不安をかきたてる劇伴、複雑で明らかに人工的な構造物が存在しているのにまわりには誰もいない気味の悪さ。
恐らくTikTokなどで流行っているドリームコアを念頭に置いていたのではないだろうか。

インターネットが普及したからこそ生まれた、
この、レトロでもあり、ノスタルジーでもある、不気味なホラー映像(不安感をかきたてる浮遊感ある音楽も重要な要素だ)を、映画の美術として採用したとしたら新しいなと思った。

まとめ


映像もテーマも本作に比べてかなり爽やかな「カラー・パープル」はもう一度観たいとは思えなかったが、
これはもう一回見てもいいなという気になった。

それにしても、
この「力作」としか言いようのない今作からアカデミー賞作品賞を奪った「オッペンハイマー」とはどのような作品なのだろう。
公開が今から楽しみだ。

それと、実は「R18+」のレーティングが気になり、
勇気が出ず、なかなか見に行くことができなかった。
いちおう自称HSP(笑)なので、
あまりにも性的に露骨だったり、グロテスクだったり、暴力的な映像を、お金払って見させられるのは御免だと思うからだ。

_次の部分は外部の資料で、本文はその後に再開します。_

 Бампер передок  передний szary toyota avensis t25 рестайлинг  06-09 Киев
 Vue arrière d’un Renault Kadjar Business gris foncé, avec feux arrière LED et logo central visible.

とはいえ今作はR18+のレーティングがかかっているものの、アカデミー賞作品賞にノミネートされている点からも察せられる通り、不必要に不快なシーンはないように感じた。
とはいえ、やはりレーティングR18+はパッケージとして不利ではないのか。
あえて衝撃的な映像を観たいと思う人は多くはないだろう。世の中十分リアルがグロいし。
レーティングが上がりそうなシーンがあるとして、削れそうなら削ったら?別のシーンで代替できそうなら差し替えたら?というのが正直なところだ。

これを読んでくれているあなたが見に行くのをためらっているとしたら、
ディズニーのリトル・マーメイドを観てもらえればあらすじとしては概ね同じなのでそれでいいような気もする。
ディズニーのリトル・マーメイドを、
性的な方面に思い切りリアルにして、
(脚を得たアリエルが陸で社会の厳しさに直面したあげくにソープで働き始めるというような)
アールヌーボーが流行りまくっている未来のヨーロッパを舞台に、
彼女が変化し、成長していく物語を想像してみれば、
概ねこの映画を脳内で作り上げることができるはずだ。